Your assignment: An unchanged copy of every record below, without pictures, is the goal.

═════ Data

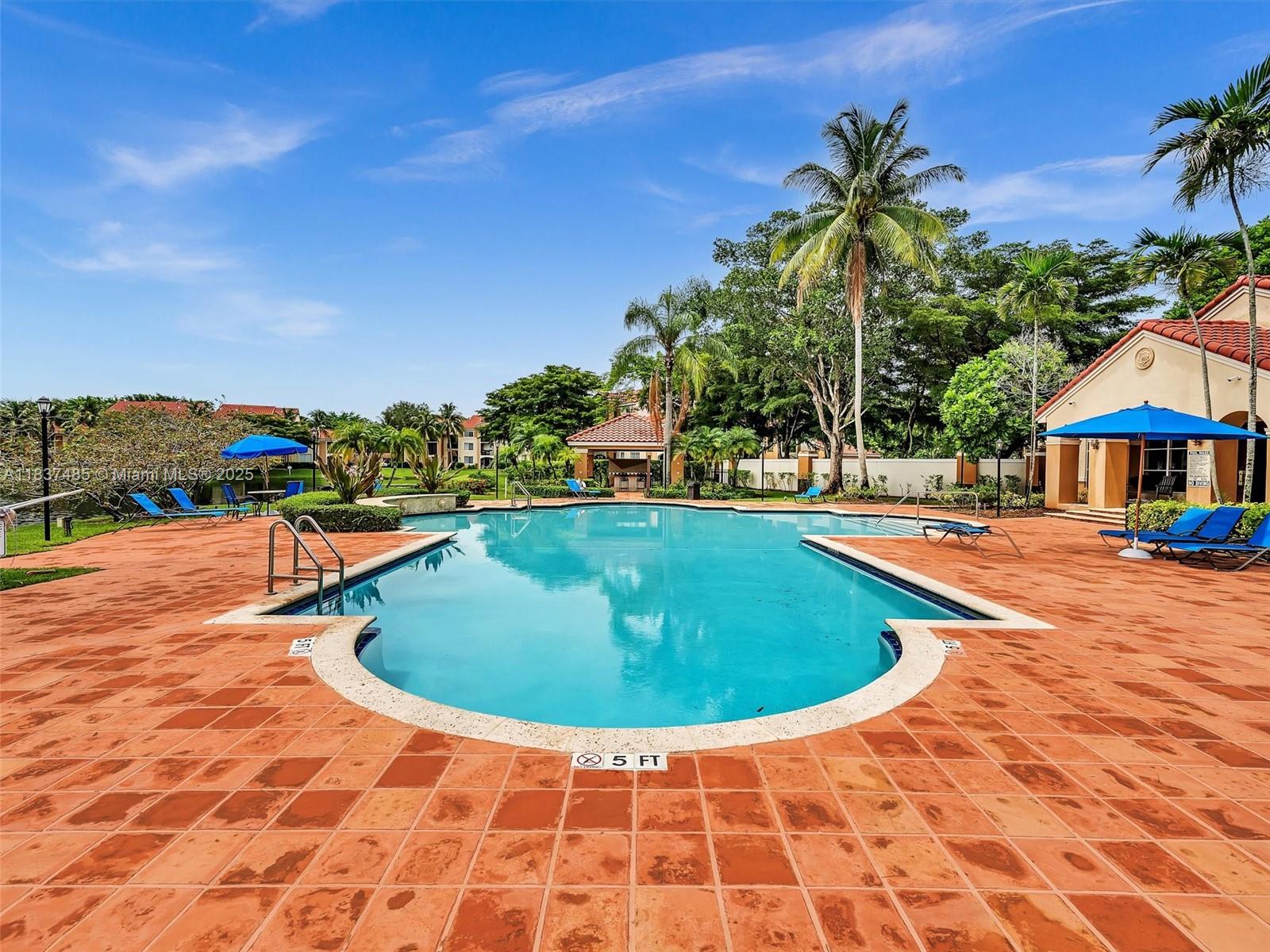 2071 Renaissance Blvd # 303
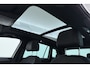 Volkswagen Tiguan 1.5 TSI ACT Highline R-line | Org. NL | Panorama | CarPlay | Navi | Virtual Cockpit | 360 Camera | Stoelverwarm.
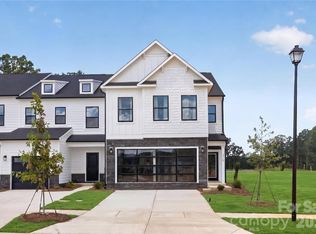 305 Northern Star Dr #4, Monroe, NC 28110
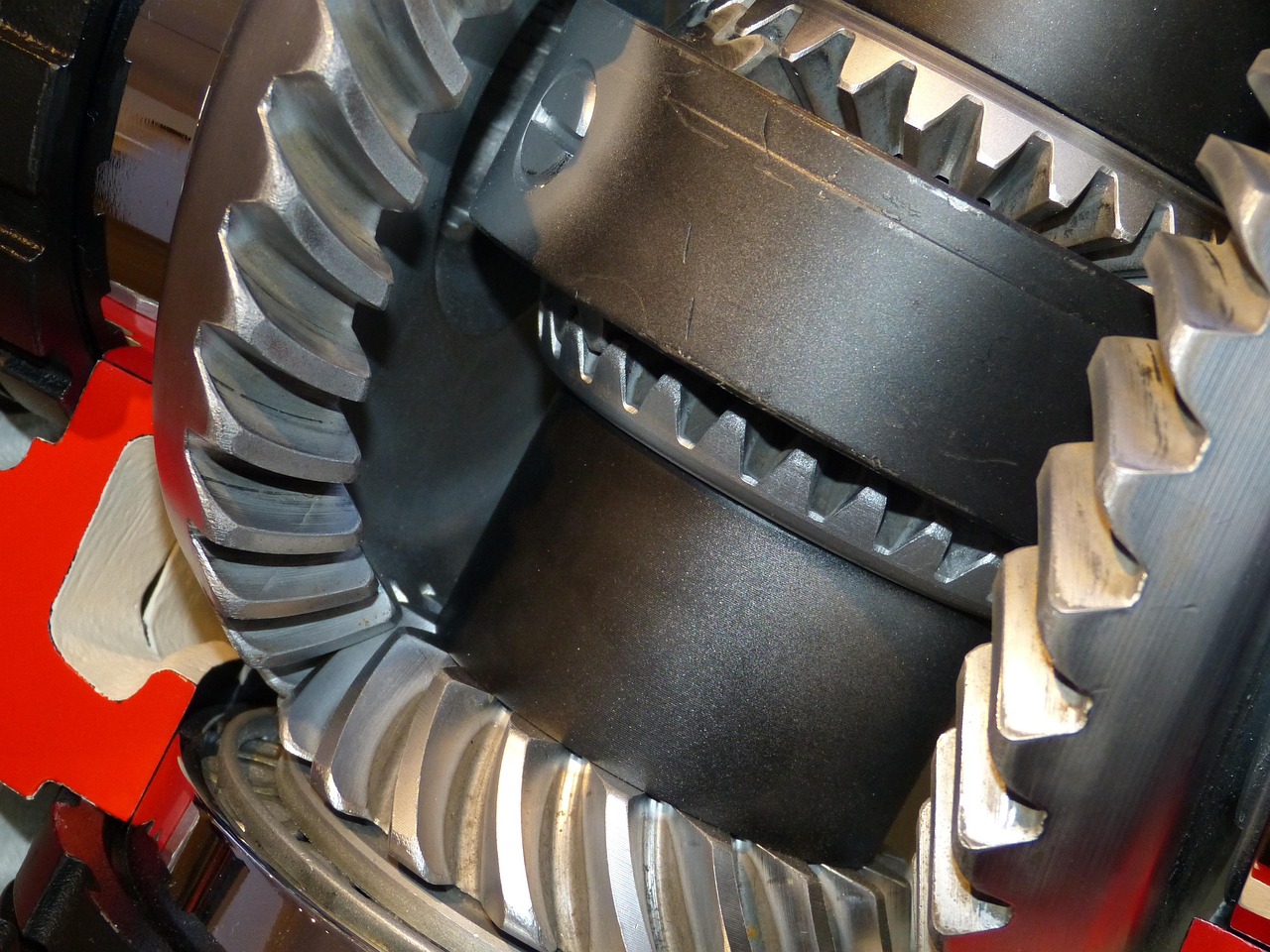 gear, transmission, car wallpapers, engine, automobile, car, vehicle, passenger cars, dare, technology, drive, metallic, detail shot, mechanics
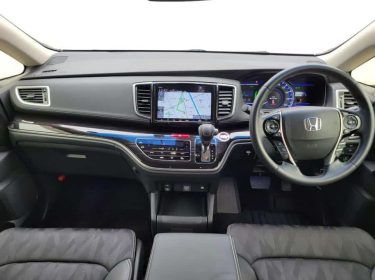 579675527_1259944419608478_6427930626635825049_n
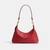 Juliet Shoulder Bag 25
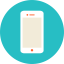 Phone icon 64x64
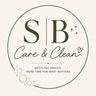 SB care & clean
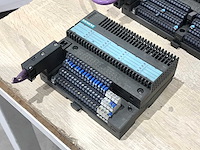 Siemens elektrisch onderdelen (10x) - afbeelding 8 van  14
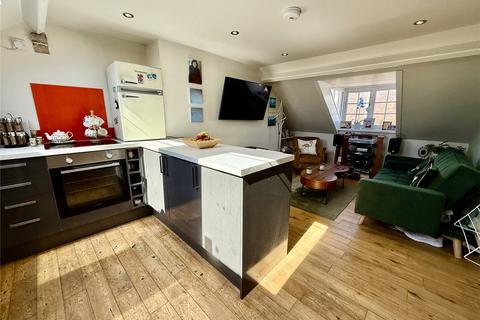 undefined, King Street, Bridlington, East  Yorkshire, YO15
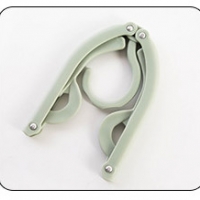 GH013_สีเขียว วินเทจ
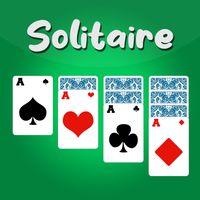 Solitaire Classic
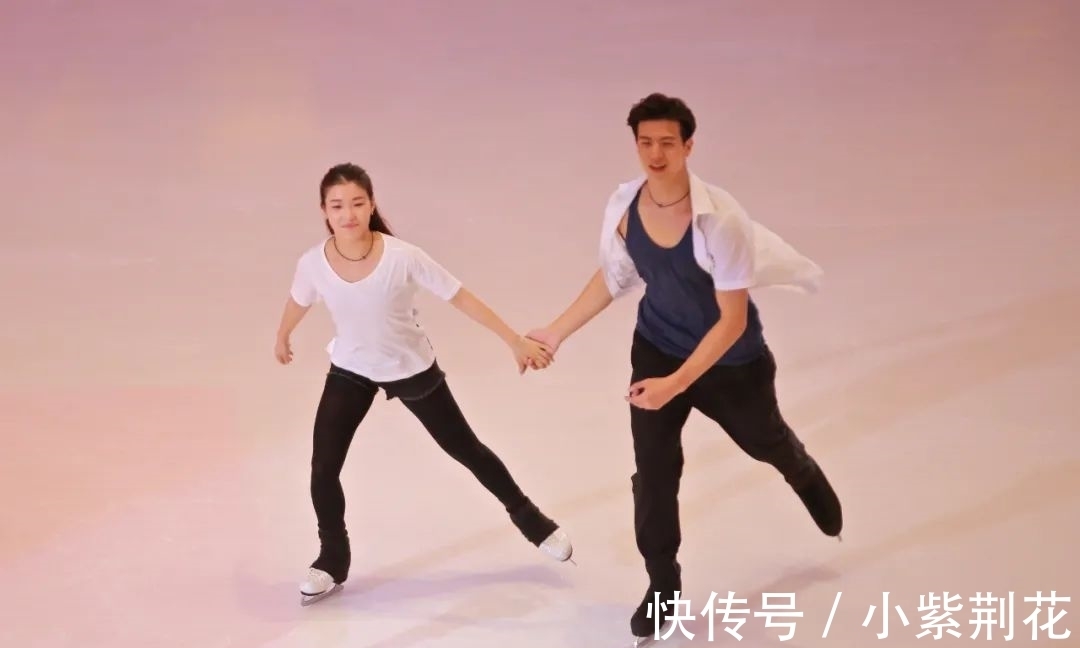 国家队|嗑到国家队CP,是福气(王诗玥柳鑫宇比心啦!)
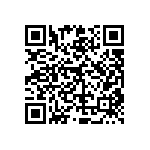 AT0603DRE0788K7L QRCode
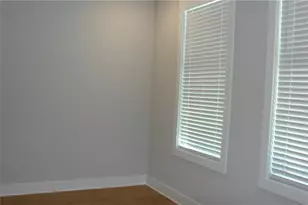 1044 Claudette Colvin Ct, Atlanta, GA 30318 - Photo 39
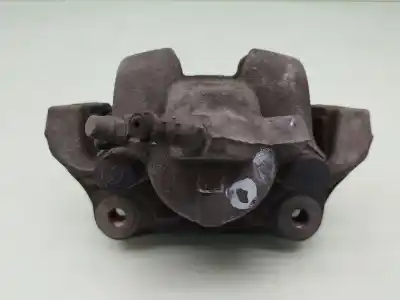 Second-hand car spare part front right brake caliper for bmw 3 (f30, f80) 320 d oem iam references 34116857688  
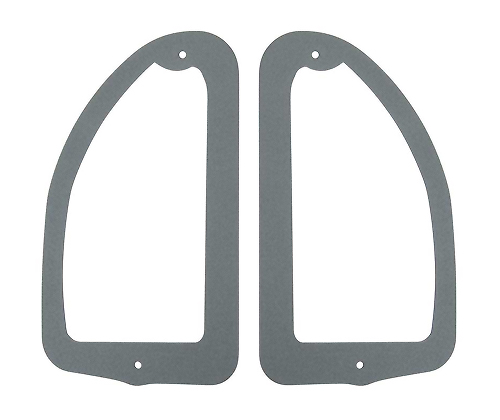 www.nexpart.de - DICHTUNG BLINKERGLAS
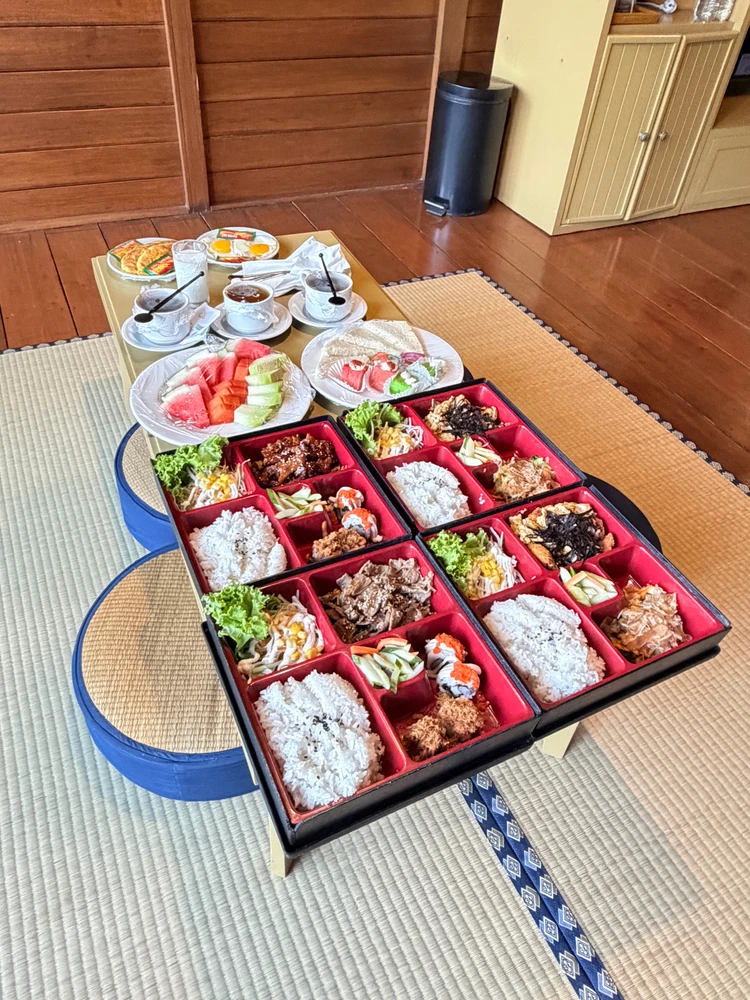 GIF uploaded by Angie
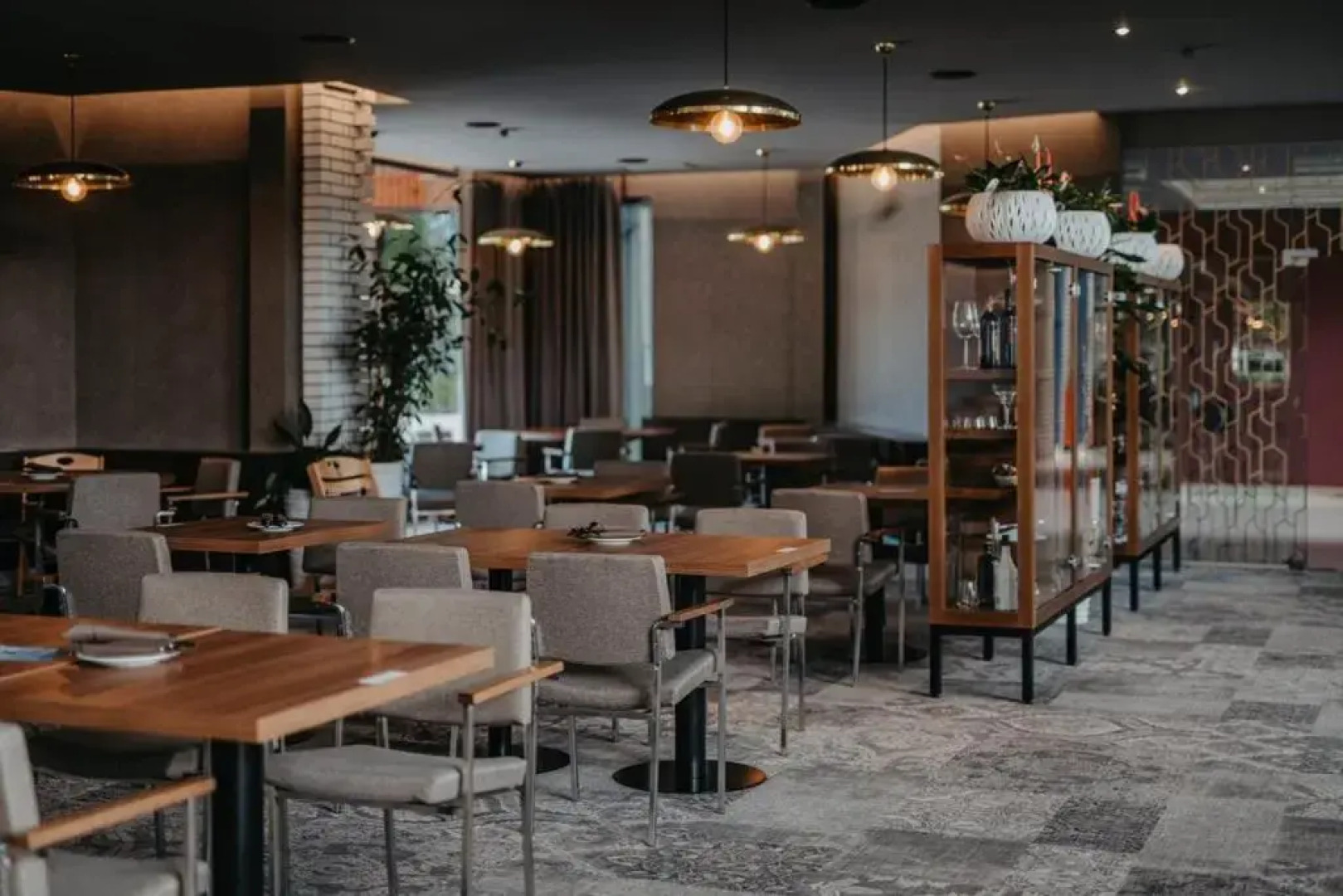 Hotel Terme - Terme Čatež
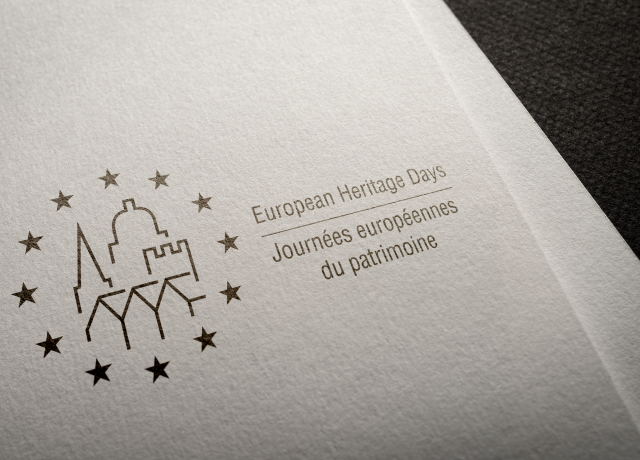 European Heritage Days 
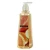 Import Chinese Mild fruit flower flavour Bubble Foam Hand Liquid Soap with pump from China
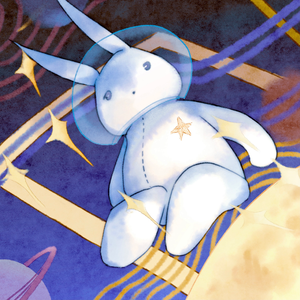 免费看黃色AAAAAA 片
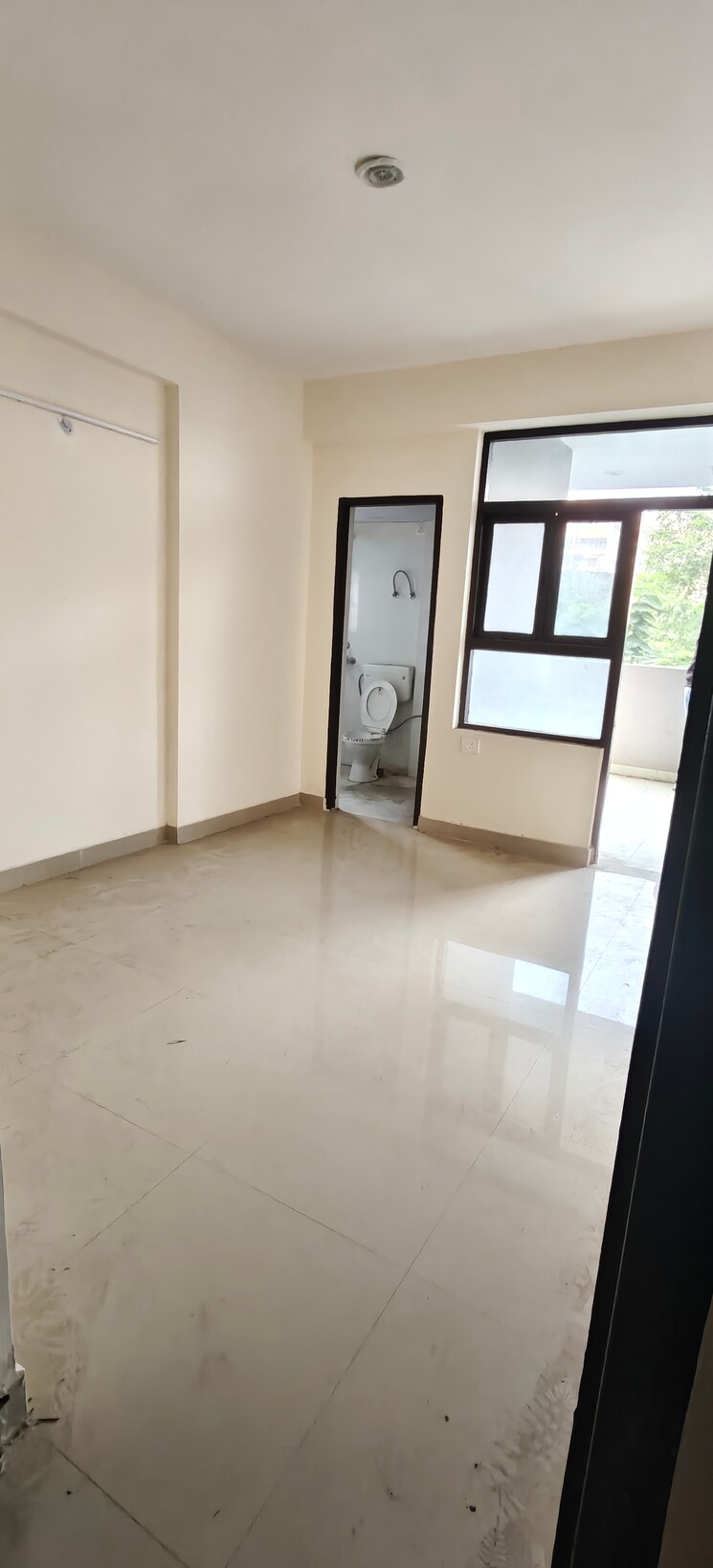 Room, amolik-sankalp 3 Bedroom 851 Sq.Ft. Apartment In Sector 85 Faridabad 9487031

══════════

Solution to the problem:
 2071 Renaissance Blvd # 303
 Volkswagen Tiguan 1.5 TSI ACT Highline R-line | Org. NL | Panorama | CarPlay | Navi | Virtual Cockpit | 360 Camera | Stoelverwarm.
 305 Northern Star Dr #4, Monroe, NC 28110
 gear, transmission, car wallpapers, engine, automobile, car, vehicle, passenger cars, dare, technology, drive, metallic, detail shot, mechanics
 579675527_1259944419608478_6427930626635825049_n
 Juliet Shoulder Bag 25
 Phone icon 64x64
 SB care & clean
 Siemens elektrisch onderdelen (10x) - afbeelding 8 van  14
 undefined, King Street, Bridlington, East  Yorkshire, YO15
 GH013_สีเขียว วินเทจ
 Solitaire Classic
 国家队|嗑到国家队CP,是福气(王诗玥柳鑫宇比心啦!)
 AT0603DRE0788K7L QRCode
 1044 Claudette Colvin Ct, Atlanta, GA 30318 - Photo 39
 Second-hand car spare part front right brake caliper for bmw 3 (f30, f80) 320 d oem iam references 34116857688  
 www.nexpart.de - DICHTUNG BLINKERGLAS
 GIF uploaded by Angie
 Hotel Terme - Terme Čatež
 European Heritage Days 
 Import Chinese Mild fruit flower flavour Bubble Foam Hand Liquid Soap with pump from China
 免费看黃色AAAAAA 片
 Room, amolik-sankalp 3 Bedroom 851 Sq.Ft. Apartment In Sector 85 Faridabad 9487031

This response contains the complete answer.